Les appelants seront donc déboutés de leur demande de dommages et intérêts formée de ce chef.
Sur les dépens et l'article 700 du code de procédure civile
Dès lors que Mme [E] succombe en appel, la décision entreprise sera infirmée en ce qu'elle a condamné les appelants aux dépens et à lui verser la somme de 1 500 euros pour les frais exposés en première instance non compris dans les dépens et à payer au syndicat des copropriétaires celle de 1 500 euros sur le même fondement.

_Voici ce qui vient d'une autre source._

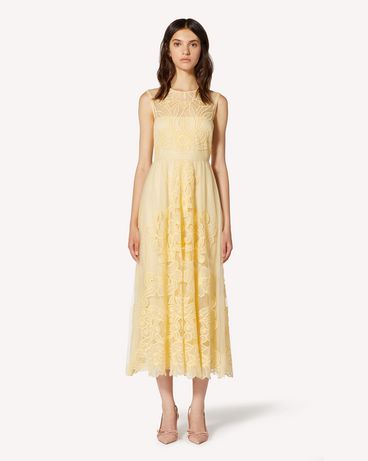 REDValentino Point d'esprit tulle dress with cut-out embroidery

Elle sera également infirmée en ce qu'elle a débouté les appelants de leur demande formée de ce chef.
Mme [E] sera condamnée aux dépens de première instance et d'appel, avec distraction au profit de Me Romain Cherfils, membre de la SELARL LX Aix-en-Provence, avocat associé aux offres de droit.
En outre, l'équité commande de la condamner à verser aux appelants la somme de 5 000 euros pour les frais exposés en première instance et en appel non compris dans les dépens en application de l'article 700 du code de procédure civile.
Dès lors que les appelants ne sont pas tenus aux dépens, le syndicat des copropriétaires sera débouté de sa demande formée sur le même fondement à leur encontre.
Il en est de même de Mme [E] en tant que partie tenue aux dépens.
PAR CES MOTIFS
La cour,
Infirme la décision entreprise en toutes ses dispositions sauf en ce qu'elle a rejeté la demande de sursis à statuer formulée par Mme [Y] [E] dans l'attente de la décision de la cour d'appel d'Aix-en-Provence, saisie de l'appel interjeté contre le jugement du tribunal judiciaire de Grasse du 7 septembre 2024 ;
Statuant à nouveau et y ajoutant,
Déboute Mme [Y] [E] de sa demande tendant à voir supprimer pour le passé l'astreinte ordonnée par le juge des référés du tribunal judiciaire de Grasse dans son ordonnance rendue le 1er juin 2022 ;
Liquide l'astreinte ordonnée par le juge des référés du tribunal judiciaire de Grasse dans son ordonnance rendue le 1er juin 2022 à la somme de 210 000 euros ;
Condamne Mme [Y] [E] à payer la somme de 210 000 euros à la SCI Soleau Invest et M. [R] [J] ;
Déboute la SCI Soleau Invest et M. [R] [J] de leur demande tendant à voir prononcer pour l'avenir une astreinte définitive d'une durée d'un mois ;
Assortit l'injonction faite à Mme [Y] [E] de rétablir l'électricité par le juge des référés du tribunal judiciaire de Grasse en date du 1er juin 2022 d'une astreinte provisoire journalière de 500 euros ;
Dit que cette astreinte commencera à courir quinze jours après la signification du présent arrêt et courra pendant une durée de 6 mois ;
Déboute la SCI Soleau Invest et M. [R] [J] de leur demande de dommages et intérêts ;
Condamne Mme [Y] [E] à verser à la SCI Soleau Invest et M. [R] [J] la somme de 5 000 euros pour les frais exposés en première instance et en appel non compris dans les dépens en application de l'article 700 du code de procédure civile ;
Déboute Mme [Y] [E] de sa demande formée sur le même fondement ;
Déboute le syndicat des copropriétaires [Adresse 3], représenté par son syndic en exercice, de sa demande formée sur le même fondement ;
Condamne Mme [Y] [E] aux dépens de première instance et d'appel, avec distraction au profit de Me Romain Cherfils, membre de la SELARL LX Aix-en-Provence, avocat associé aux offres de droit.